Et les gens achètent vraiment. Le taux de conversion passe de 1,92 % à 3,4 % – soit une augmentation de 79 %. Les réductions fonctionnent, clairement.
Mais il y a un piège dont la plupart des détaillants ne parlent probablement pas beaucoup.

Source: uptain.de
Puis la réalité frappe
Une nouvelle analyse des données du commerce électronique montre ce qui se passe après la fin du Black Friday. Parmi toutes les personnes qui achètent quelque chose pour la première fois lors du Black Friday, seulement 22,59 % reviennent dans les 12 prochains mois.
Le reste – 77,41 % – achète une fois et disparaît. Ils sont venus pour la réduction, ont eu ce qu’ils voulaient, et c’est tout.
Alors les boutiques dépensent de l’argent pour la publicité, baissent les prix, gèrent la ruée, gèrent le service client… Et la plupart de ces clients disparaissent.

Source: uptain.de
L’abandon du chariot change à peine
On pourrait penser que de grosses réductions résoudraient le problème des chariots abandonnés. Ils ne le font pas vraiment.
Un jour normal, 71,65 % des personnes abandonnent leur chariot. Le Black Friday, ce chiffre tombe à 70,91 %. C’est moins d’une différence de 1 %.
Les gens continuent de se retirer à la caisse pour les mêmes raisons : formulaires compliqués, frais de livraison imprévus, options de paiement manquantes, peu importe. Un autocollant de 50 % de réduction ne règle rien à tout ça.
Ce que cela signifie réellement
Le Black Friday fonctionne comme un coup de pouce commercial à court terme. Le trafic double, les conversions explosent, et les revenus augmentent. Mais comme moyen de construire une vraie base de clients ? Les données suggèrent que ce n’est pas idéal.
La plupart des boutiques considèrent le Black Friday comme la grande victoire de l’année. Mais si vous perdez les trois quarts de ces clients immédiatement après, vous louez en gros des clients, pas des gagnements.

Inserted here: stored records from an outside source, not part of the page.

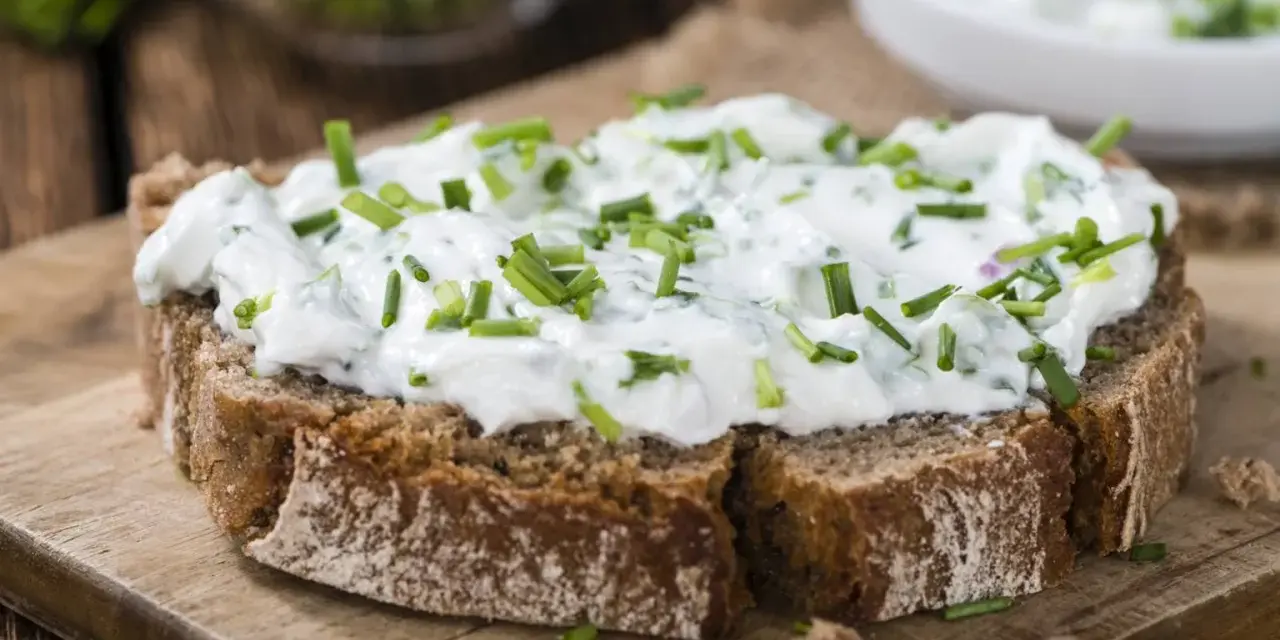Chleb z pastą ziołową. Zastanawiasz się, co to jest gluten i jak wpływa na organizm?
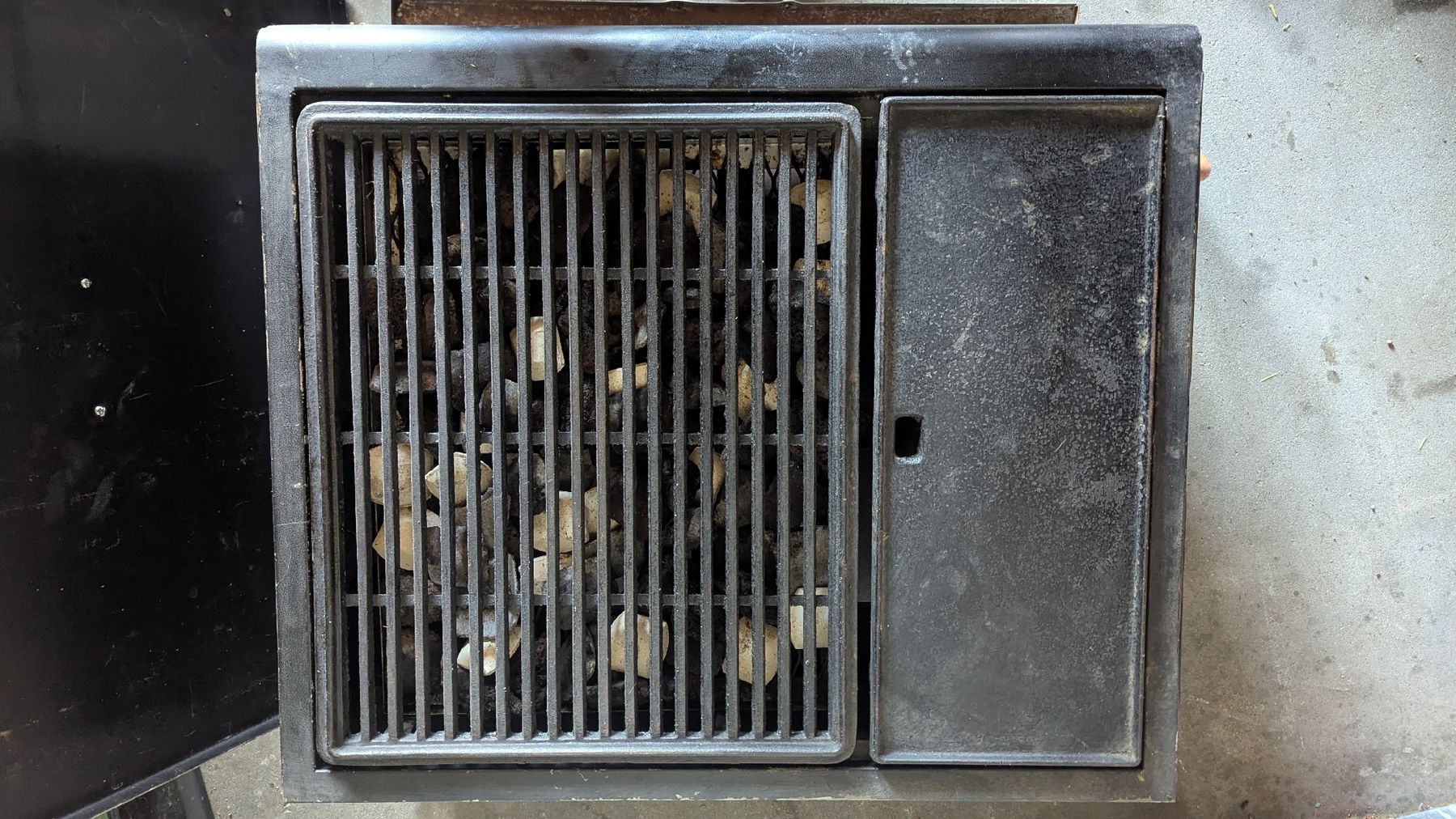 Griglie: Grill à gaz professionnel – Usato da Romont FR venduto da minig 1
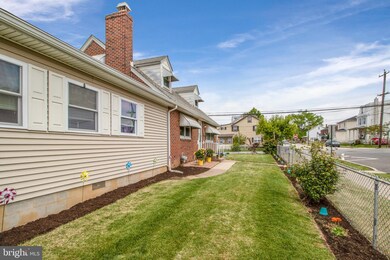 1242 E 13th St, Crum Lynne, PA 19022 - photo 5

Le défi n’est pas de faire passer les gens le Black Friday. Cette partie est simple : il suffit de faire la promotion de réductions. Le plus difficile, c’est de leur donner une raison de revenir quand les choses reviennent au prix plein.
Certains magasins gèrent probablement bien cela. Mais les chiffres globaux montrent que la plupart ne le font pas. Et c’est cher.